Continuing Through September 30, 2023
In 2013, Annetta Kapon held her first exhibition at Proxy Gallery: a cube that measures 12 x 12 x 12 inches. The exhibition wasn’t the cube, the gallery was. In the ten years since its opening, Proxy has presented 85 exhibitions. Invited artists and curators can use the space however they choose, decorating the inside and/or the outside of the box, or even not using it at all. Proxy has been nomadic at times. It lived for a while on a wall at the Otis College of Art graduate studios in Culver City, but also traveled to Greece and Paris. To celebrate Proxy’s achievement, The Floating Gallery — another nomadic space — is exhibiting documentation of each project, as well as the Proxy venue itself, where viewers can see exhibit #85, by Mirena Kim.

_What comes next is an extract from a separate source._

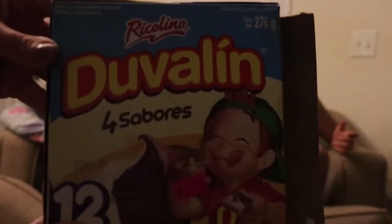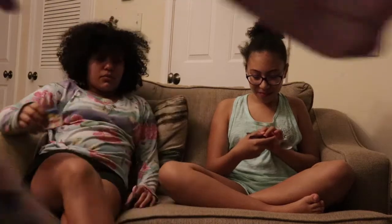Duvaline! I've had these before but they have different flavors. They're from Mexico — we're eating Mexican candy. Is this like pudding? So this is what this looks like out of the box.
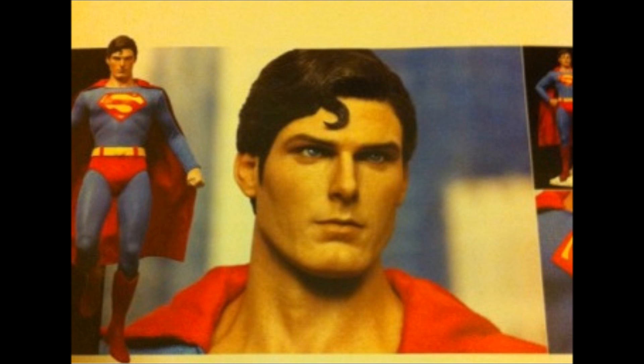Hi guys, well as you can see here it's not a great picture — it's a little washed out, a little yellow looking. But this is the first full picture of the Superman sculpt, so you can get a really good look at it.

Kapon created Proxy Gallery as a "conceptual project that allows a platform for discourse." It was formed out of discussions with her students about creating their own conditions to make and show work, regardless of limitations. Proxy fits within the parameters of Kapon's premise. While she creates separate collages, sculptures and installations, Kapon has also been influential as a professor of art, as her students (many of whom have exhibited at Proxy) will attest. In this unique space, she is the sole proprietor and decision maker. She invites other artists and accepts proposals. She writes insightful press releases "to get the discursive ball rolling," as she puts it.
Like any conventional gallery, Proxy has a website, opening and closing receptions, is occasionally reviewed, and has printed business cards and invitations. The fact that it is a miniature, physically unendurable space is beside the point. In fact, its small size and the challenges that size poses for each artist is what makes Proxy unique.
The entire history of Proxy is presented here. Each exhibition is represented by a single square image that is dated and captioned. These are installed in two long horizontal rows across opposing walls of the space. The works are hung chronologically so viewers can easily trace the history of the exhibits and exhibitors. Some Proxy artists are well known, others unknown, perhaps students or artists from Greece or Paris where the gallery has traveled. A few of the artists have had multiple exhibitions over these ten years.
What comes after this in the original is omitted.